In the mid-1920s the building became the Southampton Gaslight and Coke Company and will be remembered by some of us older residents as the Gas Service showrooms. The premises at 26 and 28 next door, whilst still fronted by shop units was also home to Eastleigh Printing Works who published the Eastleigh Weekly News. You can see the alley by the side of the Gas Showroom which led to their premises. This alley is still there and provides a pedestrian shortcut between High Street and Market Street. I apologise for including a relatively recent picture from the 1960s but thought you may like to see the comparison. The old Gas Showrooms are now the Salvation Army Charity Shop and the building to the right, is now part of Iceland.
Jackson Brothers were recorded as builders at 36 High Street, which is strange as the sign in the window is advertising Lyon’s Tea. Alfred Penny was a fishmonger at 38 High Street and both these shops were listed as operating under these names around 1925. This is where The Station public house is today.
The shop on the left, on the corner of High Street and Factory Road was a bakers and confectioners from the early 1900s until the 1940s. It then became a furniture shop which operated as Smith, Bradbeer & Co in the 1960s and 1970s. Notice that when this picture was taken, probably around 1910, many of the properties at the bottom of the first block on High Street were still residential. Today the corner shop has been rebuilt and is occupied by the “A” Plan Insurance Company Offices.

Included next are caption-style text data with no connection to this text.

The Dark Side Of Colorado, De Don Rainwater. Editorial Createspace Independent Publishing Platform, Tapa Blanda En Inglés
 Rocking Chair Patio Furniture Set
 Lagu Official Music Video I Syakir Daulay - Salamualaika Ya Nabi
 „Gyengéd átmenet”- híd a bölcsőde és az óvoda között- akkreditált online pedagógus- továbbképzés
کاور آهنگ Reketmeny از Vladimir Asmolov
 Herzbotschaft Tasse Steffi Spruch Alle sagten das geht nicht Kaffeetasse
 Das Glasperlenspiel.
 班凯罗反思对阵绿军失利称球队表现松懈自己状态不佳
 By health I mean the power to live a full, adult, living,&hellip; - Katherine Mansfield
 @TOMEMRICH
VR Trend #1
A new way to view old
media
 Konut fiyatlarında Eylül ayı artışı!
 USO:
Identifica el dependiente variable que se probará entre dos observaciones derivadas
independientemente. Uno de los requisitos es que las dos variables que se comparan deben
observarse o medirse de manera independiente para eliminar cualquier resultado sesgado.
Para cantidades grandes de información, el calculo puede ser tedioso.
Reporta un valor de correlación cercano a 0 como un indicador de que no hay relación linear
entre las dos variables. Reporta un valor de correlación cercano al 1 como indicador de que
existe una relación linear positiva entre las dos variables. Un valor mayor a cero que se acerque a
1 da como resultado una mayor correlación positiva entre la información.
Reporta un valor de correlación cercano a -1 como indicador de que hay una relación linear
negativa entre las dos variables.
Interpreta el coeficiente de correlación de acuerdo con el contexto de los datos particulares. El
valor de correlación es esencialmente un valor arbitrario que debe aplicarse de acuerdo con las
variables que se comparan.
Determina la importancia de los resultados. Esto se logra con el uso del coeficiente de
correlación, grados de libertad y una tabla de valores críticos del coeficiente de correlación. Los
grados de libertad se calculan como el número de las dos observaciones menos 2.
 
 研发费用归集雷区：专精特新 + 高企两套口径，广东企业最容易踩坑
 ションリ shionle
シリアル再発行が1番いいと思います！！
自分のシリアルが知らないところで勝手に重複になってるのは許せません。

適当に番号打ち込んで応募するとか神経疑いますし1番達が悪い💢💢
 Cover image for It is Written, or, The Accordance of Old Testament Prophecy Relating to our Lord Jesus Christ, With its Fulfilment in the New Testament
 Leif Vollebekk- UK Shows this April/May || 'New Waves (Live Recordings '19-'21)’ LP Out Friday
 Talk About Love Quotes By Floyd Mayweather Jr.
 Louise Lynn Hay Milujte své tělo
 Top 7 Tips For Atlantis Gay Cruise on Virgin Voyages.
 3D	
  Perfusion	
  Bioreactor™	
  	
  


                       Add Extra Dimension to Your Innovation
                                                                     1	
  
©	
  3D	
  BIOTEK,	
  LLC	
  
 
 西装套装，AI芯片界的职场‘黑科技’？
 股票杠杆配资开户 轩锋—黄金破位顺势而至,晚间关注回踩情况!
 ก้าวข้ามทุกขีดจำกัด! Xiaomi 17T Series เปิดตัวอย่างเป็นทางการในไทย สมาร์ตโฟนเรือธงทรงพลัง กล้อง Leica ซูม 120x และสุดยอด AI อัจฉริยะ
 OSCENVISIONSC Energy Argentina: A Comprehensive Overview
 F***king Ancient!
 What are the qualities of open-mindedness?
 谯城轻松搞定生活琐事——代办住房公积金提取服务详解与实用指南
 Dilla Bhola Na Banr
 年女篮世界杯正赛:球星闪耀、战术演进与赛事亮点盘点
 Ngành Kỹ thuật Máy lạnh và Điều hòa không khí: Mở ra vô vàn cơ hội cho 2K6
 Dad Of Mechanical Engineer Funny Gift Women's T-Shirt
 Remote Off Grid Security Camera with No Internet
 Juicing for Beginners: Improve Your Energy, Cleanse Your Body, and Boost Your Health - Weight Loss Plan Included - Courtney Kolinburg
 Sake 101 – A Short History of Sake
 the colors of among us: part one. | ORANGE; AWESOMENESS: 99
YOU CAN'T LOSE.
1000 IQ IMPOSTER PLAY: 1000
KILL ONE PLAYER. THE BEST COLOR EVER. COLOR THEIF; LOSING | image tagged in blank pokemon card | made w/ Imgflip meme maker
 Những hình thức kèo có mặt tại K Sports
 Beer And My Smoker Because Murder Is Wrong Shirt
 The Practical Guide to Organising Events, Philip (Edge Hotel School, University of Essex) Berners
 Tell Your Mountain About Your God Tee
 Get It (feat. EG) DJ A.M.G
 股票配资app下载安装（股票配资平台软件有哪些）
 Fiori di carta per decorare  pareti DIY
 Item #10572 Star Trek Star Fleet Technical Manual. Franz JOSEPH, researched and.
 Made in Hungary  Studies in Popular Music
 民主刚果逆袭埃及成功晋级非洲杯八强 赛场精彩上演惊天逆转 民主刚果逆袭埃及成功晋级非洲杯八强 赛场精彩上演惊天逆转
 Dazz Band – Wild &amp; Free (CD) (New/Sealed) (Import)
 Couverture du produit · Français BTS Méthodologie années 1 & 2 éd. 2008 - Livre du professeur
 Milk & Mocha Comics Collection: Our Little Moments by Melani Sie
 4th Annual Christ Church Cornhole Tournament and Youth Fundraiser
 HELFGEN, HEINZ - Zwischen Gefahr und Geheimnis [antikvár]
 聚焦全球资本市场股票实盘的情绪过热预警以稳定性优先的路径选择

Frederick Baker and Sons were Coal Merchants at 61 High Street from the early 1900s until around 1920. Notice the early motorbike and side-car. Today the motorbike would be parked outside Robert Dyas in the Swan Centre.
Bond’s Furniture Stores were established at 82 High Street around 1912. This shop was acquired by the co-op in the 1920s, along with a number of other neighbouring businesses.
Today, this section of High Street between Blenheim Road and Factory Road has been completely re-developed. The large building, to the left of centre, with the ornate gable was the Wesleyan Methodist Church.
This picture shows a Band of Hope procession outside the Wesleyan Methodist Church. This church was one of Eastleigh’s lost landmarks when it was demolished in the late1980s to make way for the Swan Centre. For some strange reason, the decorative façade shown in this picture, had been replaced by a modernist concrete structure in the 1960s. The location of the church was roughly where Card Market, and Boots Opticians are located in the Swan Centre today.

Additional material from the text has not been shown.